Valuing without comparable sales data requires more legwork and imagination, observes Bruce Kellogg FRICS, Atlanta-based managing director at MG Valuation. “You have to interview people in the market like brokers and then base your appraisal on that information even if you have no sales. Appraisers are being challenged right now to do their homework and come up with conclusions that they never had to before.”
As a result of the pandemic landlords are increasingly accepting a share of the downside risk with retailers, either through COVID clauses in leases, that reduce rents in the event of government-mandated shutdowns, or through charging turnover-based rents. That poses a challenge for valuers, says Sara Duncan, UK head of valuation and advisory services at Colliers International. “The difficulty with valuing on turnover rents is that there is not much information out there. But it is possible. We need a standard approach so that there is a market tone, and we have to see some deals so we can understand what multipliers are being paid.”

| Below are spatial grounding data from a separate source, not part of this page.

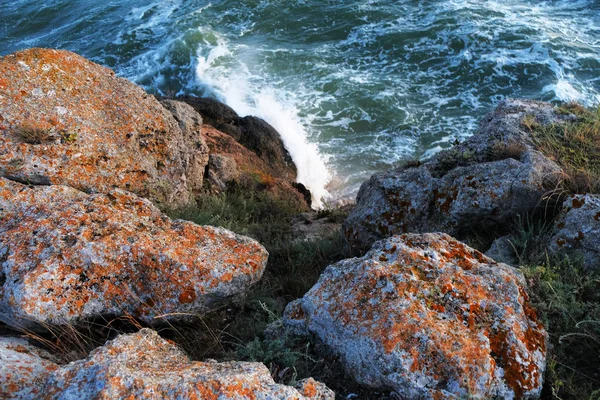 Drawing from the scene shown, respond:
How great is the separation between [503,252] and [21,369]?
11.1 ft

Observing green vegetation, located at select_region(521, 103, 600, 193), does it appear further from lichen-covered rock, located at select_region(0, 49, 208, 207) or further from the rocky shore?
lichen-covered rock, located at select_region(0, 49, 208, 207)

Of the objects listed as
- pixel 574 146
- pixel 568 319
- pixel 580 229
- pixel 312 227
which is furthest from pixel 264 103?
pixel 568 319

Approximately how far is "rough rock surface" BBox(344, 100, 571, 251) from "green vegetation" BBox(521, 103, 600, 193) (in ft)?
0.40

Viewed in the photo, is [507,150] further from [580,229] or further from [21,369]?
[21,369]

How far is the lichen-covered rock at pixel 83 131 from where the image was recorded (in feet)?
14.5

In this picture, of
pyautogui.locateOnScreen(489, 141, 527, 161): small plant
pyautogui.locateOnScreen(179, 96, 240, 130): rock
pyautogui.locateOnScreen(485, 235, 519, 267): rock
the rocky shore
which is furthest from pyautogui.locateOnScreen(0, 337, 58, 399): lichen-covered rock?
pyautogui.locateOnScreen(179, 96, 240, 130): rock

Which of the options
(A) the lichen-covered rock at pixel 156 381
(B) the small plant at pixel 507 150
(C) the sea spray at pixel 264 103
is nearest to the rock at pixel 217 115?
(C) the sea spray at pixel 264 103

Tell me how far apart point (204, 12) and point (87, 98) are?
42.9 ft

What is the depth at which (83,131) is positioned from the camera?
479 cm

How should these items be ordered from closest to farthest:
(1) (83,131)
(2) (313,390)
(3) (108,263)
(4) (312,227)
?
(2) (313,390) → (3) (108,263) → (1) (83,131) → (4) (312,227)

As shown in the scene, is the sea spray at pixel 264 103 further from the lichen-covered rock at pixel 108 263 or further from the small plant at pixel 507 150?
the lichen-covered rock at pixel 108 263

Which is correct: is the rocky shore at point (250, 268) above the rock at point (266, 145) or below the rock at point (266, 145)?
above

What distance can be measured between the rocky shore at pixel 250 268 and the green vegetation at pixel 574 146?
0.04 meters

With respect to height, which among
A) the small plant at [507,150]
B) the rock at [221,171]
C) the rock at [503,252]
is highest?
the small plant at [507,150] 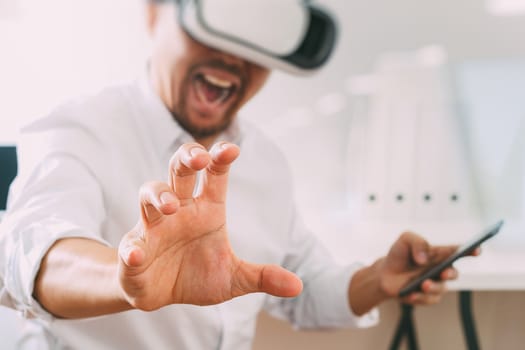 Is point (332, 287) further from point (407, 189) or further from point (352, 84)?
point (352, 84)

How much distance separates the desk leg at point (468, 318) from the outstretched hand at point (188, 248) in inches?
28.3

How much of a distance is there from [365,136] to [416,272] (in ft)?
0.90

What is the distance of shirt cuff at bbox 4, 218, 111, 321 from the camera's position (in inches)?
20.7

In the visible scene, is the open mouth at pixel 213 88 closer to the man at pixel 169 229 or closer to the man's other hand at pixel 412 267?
the man at pixel 169 229

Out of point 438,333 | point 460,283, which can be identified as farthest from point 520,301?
point 460,283

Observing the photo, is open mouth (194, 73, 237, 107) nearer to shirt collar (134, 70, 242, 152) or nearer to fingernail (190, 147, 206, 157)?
shirt collar (134, 70, 242, 152)

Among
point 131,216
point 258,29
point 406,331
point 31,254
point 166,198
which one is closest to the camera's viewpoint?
point 166,198

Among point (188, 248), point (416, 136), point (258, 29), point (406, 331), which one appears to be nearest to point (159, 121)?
→ point (258, 29)

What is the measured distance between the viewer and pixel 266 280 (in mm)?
454

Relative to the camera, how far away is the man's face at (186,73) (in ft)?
2.53

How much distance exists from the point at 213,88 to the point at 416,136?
0.38m

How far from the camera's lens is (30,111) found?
0.66m

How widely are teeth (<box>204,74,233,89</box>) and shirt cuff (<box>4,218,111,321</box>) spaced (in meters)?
0.30

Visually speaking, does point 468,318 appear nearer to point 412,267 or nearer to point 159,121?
point 412,267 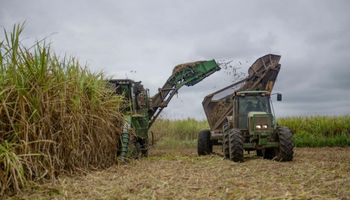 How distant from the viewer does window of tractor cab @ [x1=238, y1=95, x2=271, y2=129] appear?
41.7 ft

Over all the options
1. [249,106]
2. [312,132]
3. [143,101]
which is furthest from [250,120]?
[312,132]

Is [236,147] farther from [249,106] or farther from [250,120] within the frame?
[249,106]

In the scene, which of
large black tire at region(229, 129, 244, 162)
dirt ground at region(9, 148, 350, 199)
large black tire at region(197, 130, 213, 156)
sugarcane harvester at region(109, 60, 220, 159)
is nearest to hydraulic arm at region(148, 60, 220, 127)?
sugarcane harvester at region(109, 60, 220, 159)

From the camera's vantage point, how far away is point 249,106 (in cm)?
1277

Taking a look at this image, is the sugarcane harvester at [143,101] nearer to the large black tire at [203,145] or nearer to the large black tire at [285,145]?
the large black tire at [203,145]

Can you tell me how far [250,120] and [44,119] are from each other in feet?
19.9

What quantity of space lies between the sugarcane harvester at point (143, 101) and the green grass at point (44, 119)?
5.47ft

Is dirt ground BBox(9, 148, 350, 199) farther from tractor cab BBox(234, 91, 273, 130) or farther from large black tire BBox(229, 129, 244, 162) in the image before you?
tractor cab BBox(234, 91, 273, 130)

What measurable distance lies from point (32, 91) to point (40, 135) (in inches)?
29.0

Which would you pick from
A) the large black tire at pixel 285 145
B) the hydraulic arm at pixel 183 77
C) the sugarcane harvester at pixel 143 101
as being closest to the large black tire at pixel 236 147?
the large black tire at pixel 285 145

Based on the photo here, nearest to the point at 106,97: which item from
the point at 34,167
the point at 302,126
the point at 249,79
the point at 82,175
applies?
the point at 82,175

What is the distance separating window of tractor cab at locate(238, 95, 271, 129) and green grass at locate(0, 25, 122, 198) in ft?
14.6

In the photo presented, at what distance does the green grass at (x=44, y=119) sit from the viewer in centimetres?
688

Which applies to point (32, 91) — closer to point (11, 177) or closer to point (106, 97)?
point (11, 177)
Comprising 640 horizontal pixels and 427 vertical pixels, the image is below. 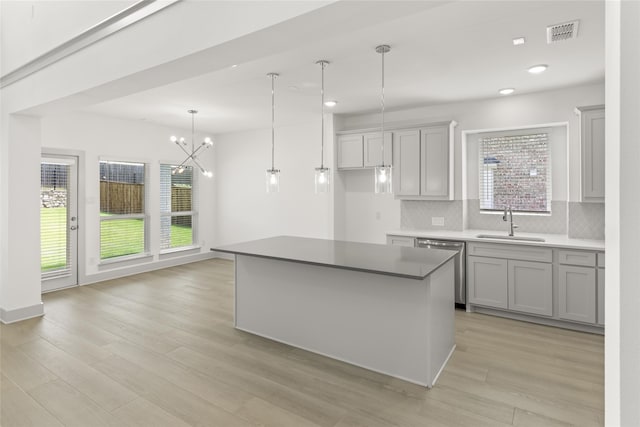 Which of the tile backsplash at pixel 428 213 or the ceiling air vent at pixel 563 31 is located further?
the tile backsplash at pixel 428 213

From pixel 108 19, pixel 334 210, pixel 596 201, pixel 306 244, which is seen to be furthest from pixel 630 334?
pixel 334 210

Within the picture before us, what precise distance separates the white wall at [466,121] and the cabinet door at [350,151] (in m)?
0.34

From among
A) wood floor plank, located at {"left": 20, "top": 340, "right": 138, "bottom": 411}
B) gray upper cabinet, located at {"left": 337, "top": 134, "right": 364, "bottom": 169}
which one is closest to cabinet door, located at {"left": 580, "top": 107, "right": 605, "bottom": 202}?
gray upper cabinet, located at {"left": 337, "top": 134, "right": 364, "bottom": 169}

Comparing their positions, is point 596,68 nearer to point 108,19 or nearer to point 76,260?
point 108,19

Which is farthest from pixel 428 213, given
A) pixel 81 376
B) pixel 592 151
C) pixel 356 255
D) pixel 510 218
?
pixel 81 376

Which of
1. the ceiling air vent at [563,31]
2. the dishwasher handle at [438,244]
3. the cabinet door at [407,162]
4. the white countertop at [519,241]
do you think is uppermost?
the ceiling air vent at [563,31]

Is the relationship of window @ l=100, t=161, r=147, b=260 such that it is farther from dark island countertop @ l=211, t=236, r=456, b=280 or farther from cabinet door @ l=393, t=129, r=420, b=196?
cabinet door @ l=393, t=129, r=420, b=196

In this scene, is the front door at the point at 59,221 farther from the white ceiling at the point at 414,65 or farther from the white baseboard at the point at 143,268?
the white ceiling at the point at 414,65

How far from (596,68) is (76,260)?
741 centimetres

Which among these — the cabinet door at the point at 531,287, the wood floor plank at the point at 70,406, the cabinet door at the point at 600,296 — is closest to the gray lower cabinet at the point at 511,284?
Answer: the cabinet door at the point at 531,287

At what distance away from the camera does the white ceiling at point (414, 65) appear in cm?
262

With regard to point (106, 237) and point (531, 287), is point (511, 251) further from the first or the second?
point (106, 237)

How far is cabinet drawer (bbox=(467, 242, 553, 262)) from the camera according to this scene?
13.1ft

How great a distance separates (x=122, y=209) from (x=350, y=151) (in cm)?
422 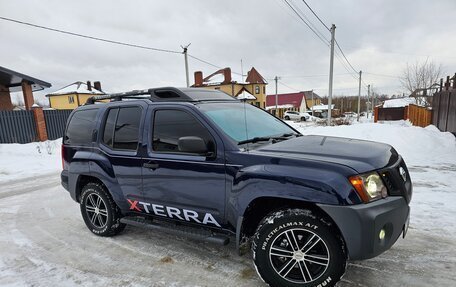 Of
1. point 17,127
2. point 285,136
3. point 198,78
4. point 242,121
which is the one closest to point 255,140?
point 242,121

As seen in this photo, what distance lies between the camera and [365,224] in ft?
7.61

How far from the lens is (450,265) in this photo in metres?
3.06

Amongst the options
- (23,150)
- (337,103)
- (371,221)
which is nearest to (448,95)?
(371,221)

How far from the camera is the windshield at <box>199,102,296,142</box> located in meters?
3.22

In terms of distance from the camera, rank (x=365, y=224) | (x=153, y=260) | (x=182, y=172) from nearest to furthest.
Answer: (x=365, y=224)
(x=182, y=172)
(x=153, y=260)

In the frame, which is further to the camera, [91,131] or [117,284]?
[91,131]

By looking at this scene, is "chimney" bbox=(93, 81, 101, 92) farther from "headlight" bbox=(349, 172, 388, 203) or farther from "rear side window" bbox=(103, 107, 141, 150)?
"headlight" bbox=(349, 172, 388, 203)

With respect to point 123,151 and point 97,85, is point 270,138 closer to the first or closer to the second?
point 123,151

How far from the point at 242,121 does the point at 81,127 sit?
8.39 ft

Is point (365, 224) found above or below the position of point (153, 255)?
above

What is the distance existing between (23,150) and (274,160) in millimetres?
13634

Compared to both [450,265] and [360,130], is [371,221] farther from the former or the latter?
[360,130]

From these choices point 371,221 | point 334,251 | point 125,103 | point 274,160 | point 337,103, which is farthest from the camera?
point 337,103

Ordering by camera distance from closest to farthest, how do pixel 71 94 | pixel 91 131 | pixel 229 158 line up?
pixel 229 158
pixel 91 131
pixel 71 94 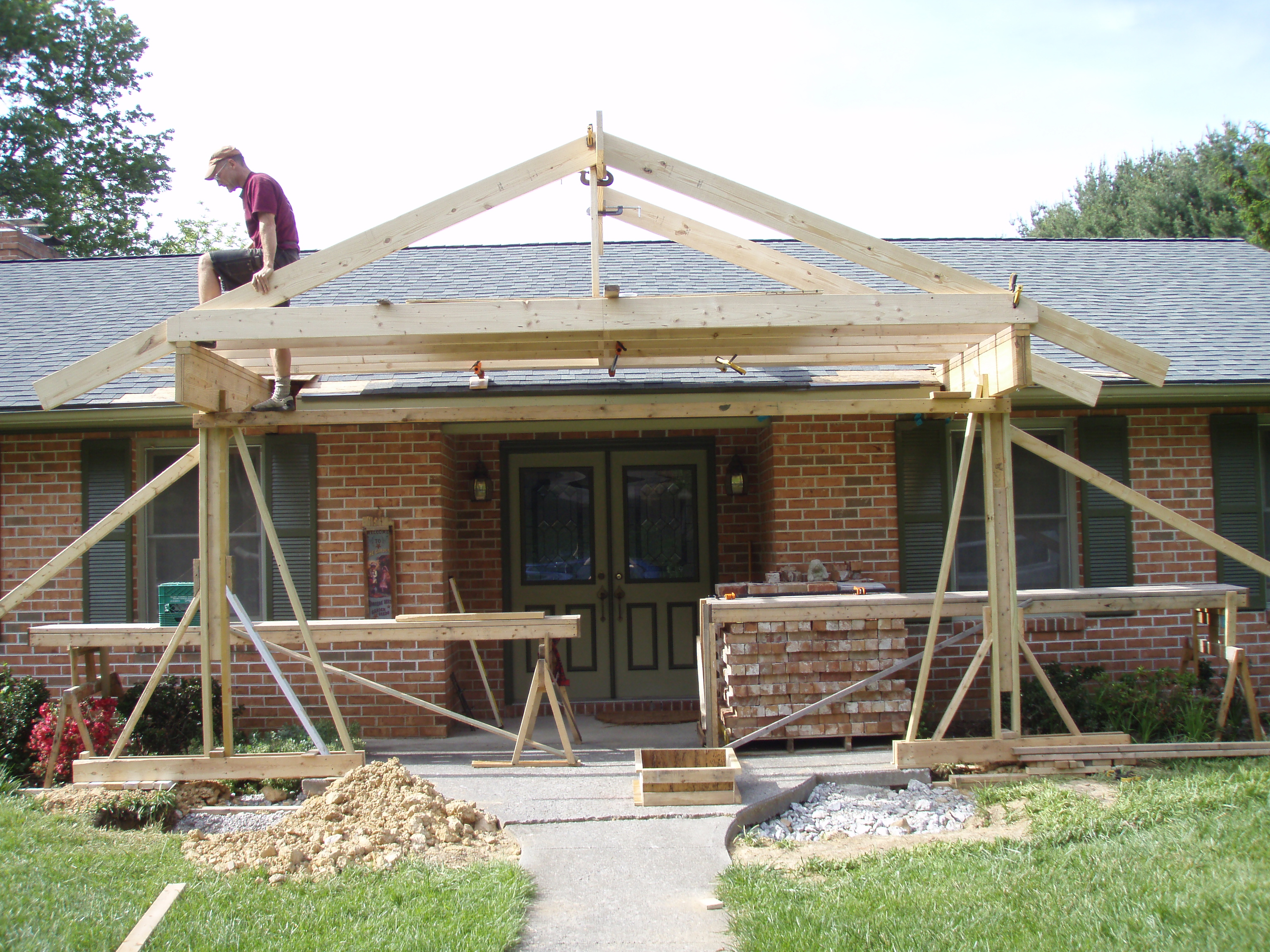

Factory outlet centres commonly use a turnover model, notes Andrew Skinner MRICS, valuation director at Savills in London. “That is very successful and if landlords and tenants can get comfortable with it, there is a more positive future. In the meantime, our valuation challenges will be around lack of evidence, lack of transparency on turnovers, and how you calculate estimated rental values.”
As the first COVID-19 lockdown took effect, valuers struggled to process a huge amount of information on retailers’ sales, footfall and rental collection, as well as assessing the effect of bankruptcies, says Macken. “A big part of the challenge was to digest that and come up with an approach that represented the risk.”
With more failures inevitable, appraisers need to keep an eye on the health of retailers to determine whether income streams are secure, suggests US-based valuation expert Noëlle Brisson FRICS, co-founder of real estate cybersecurity platform CyberReady. “Are they going to go bankrupt? Downsize? Will they re-purpose and adapt so they have a higher likelihood of staying? People need to be more granular otherwise they will use wrong assumptions in their valuations.”
“Shopping centre owners are all in the regeneration game, whether they like it or not,” says Skinner. “The reality is the worst is yet to come. Government support will end and it will take a long time for tourism to come back. One of the challenges we have is how we re-value surplus space.”
Valuations of secondary shopping centres now need to take into account alternative uses, argues Duncan, but there can be an upside. “The future for a lot of those is the local authority will partner with the owner or a developer on a regeneration scheme. There will probably be an element of build-to-rent residential and the retail will have to be downsized and refocused. It can sometimes come out at a higher price point.”